--- START ---
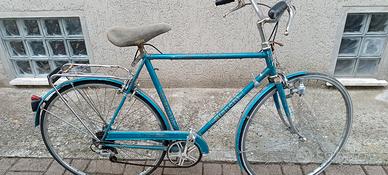 Bianchi sport 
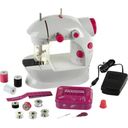 Theo Klein Children's Sewing Machine - 1 item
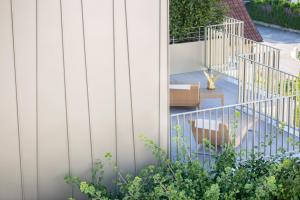 hotel hirschen dornbirn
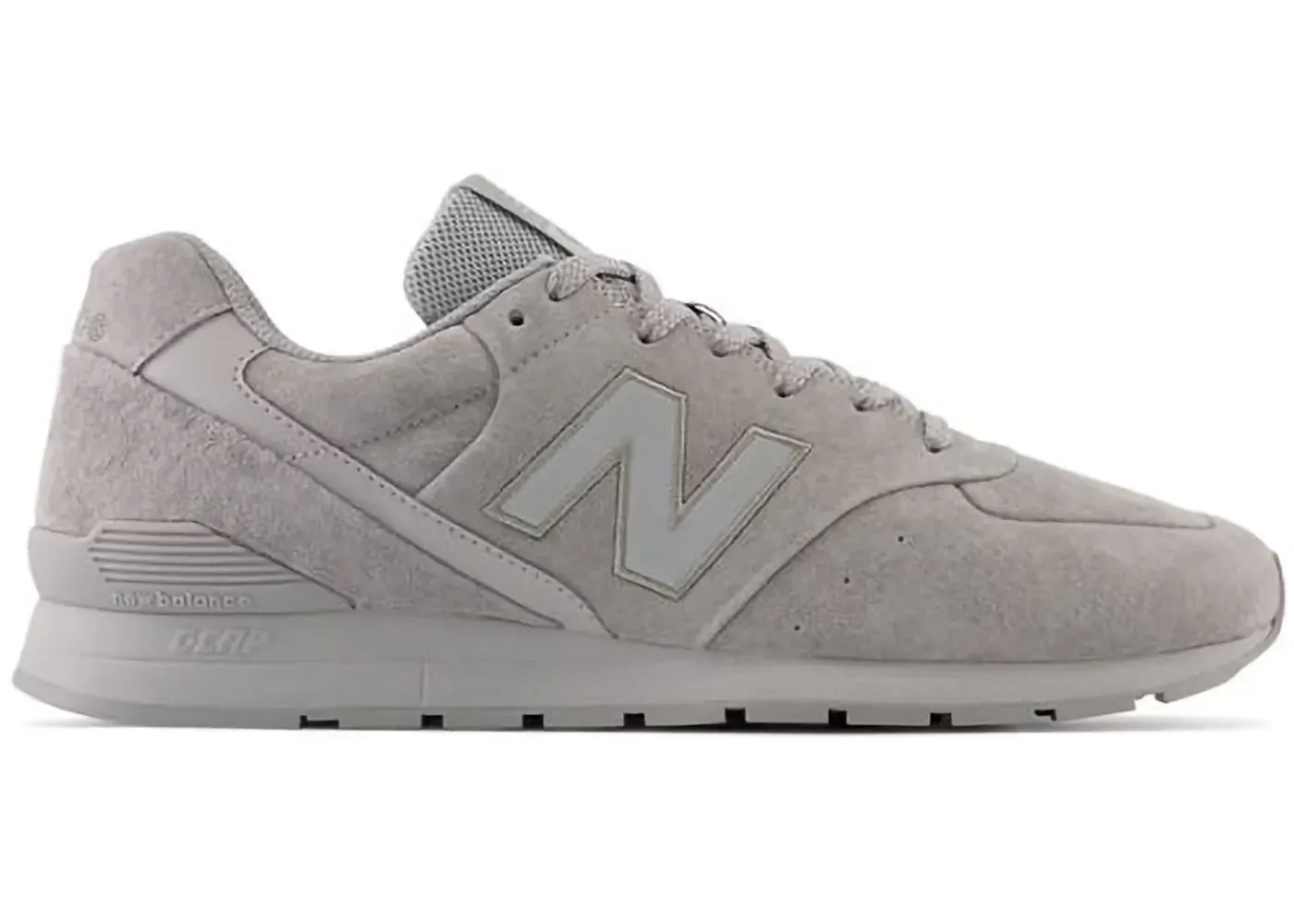 New Balance 996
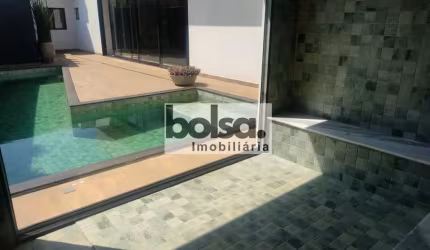 Villaggio 3 - maravilhosa , totalmente térrea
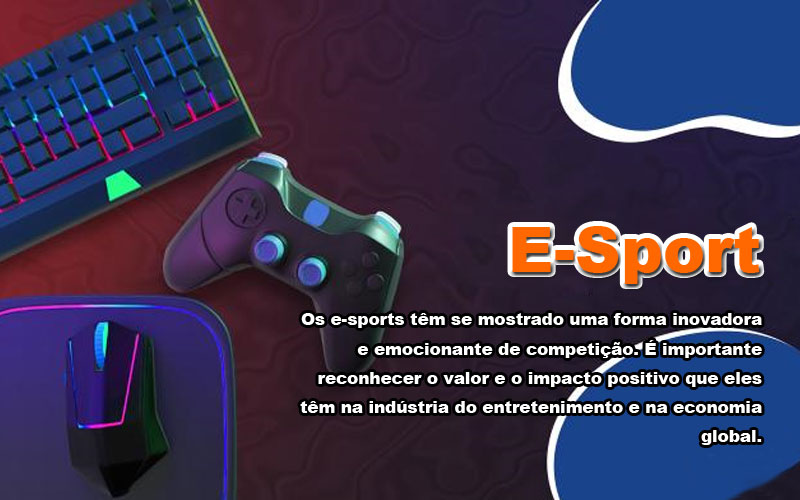 Bot de boas vindas discord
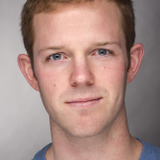 John Noble Barrack — Photographer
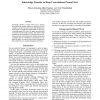 Knowledge Transfer in Deep Convolutional Neural Nets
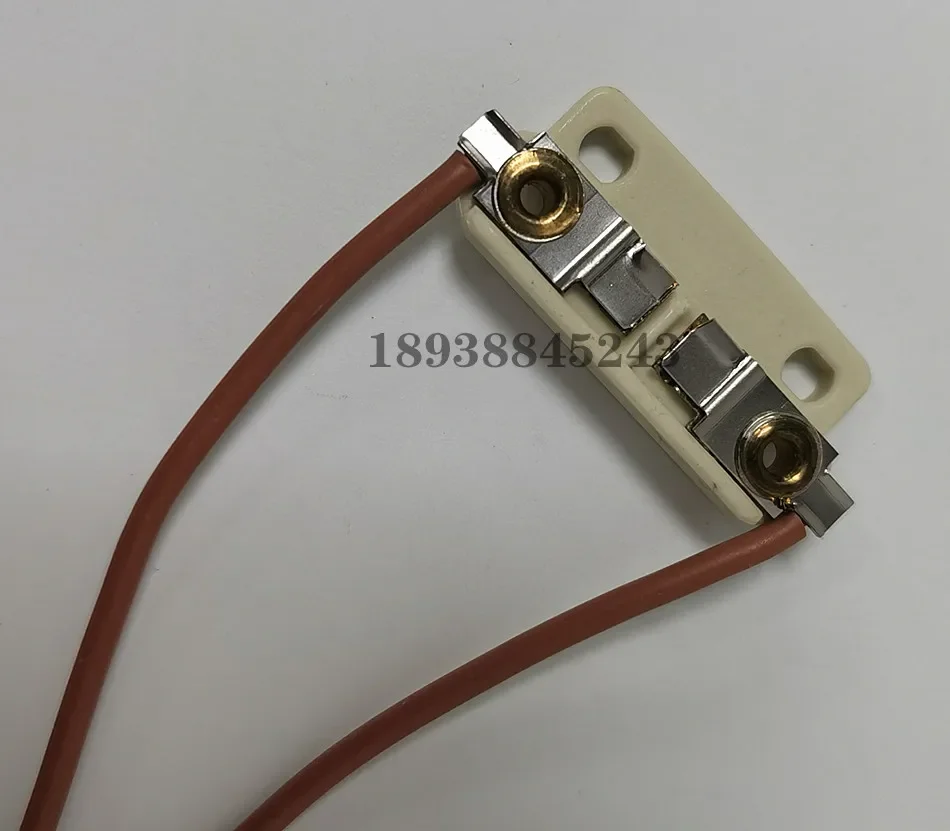 Теневой держатель для лампы 905 24 В 150 Вт/24 120 Вт G6.35 GZ6.35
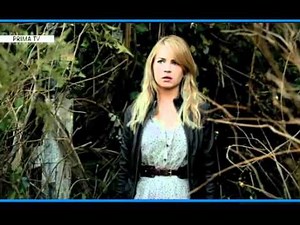 The Secret Circle - Trailer Italiano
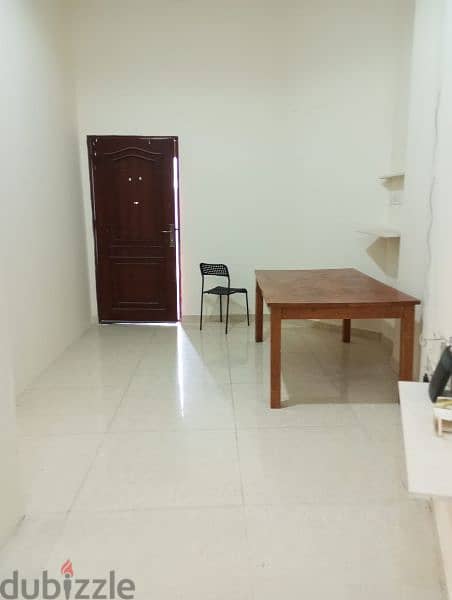 2BHK AT HILAL, NO COMMISSION 6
--- END ---
◆ **Task to carry out**: Copy every record verbatim while leaving each picture out.

◆ **Response area**:
 Bianchi sport 
 Theo Klein Children's Sewing Machine - 1 item
 hotel hirschen dornbirn
 New Balance 996
 Villaggio 3 - maravilhosa , totalmente térrea
 Bot de boas vindas discord
 John Noble Barrack — Photographer
 Knowledge Transfer in Deep Convolutional Neural Nets
 Теневой держатель для лампы 905 24 В 150 Вт/24 120 Вт G6.35 GZ6.35
 The Secret Circle - Trailer Italiano
 2BHK AT HILAL, NO COMMISSION 6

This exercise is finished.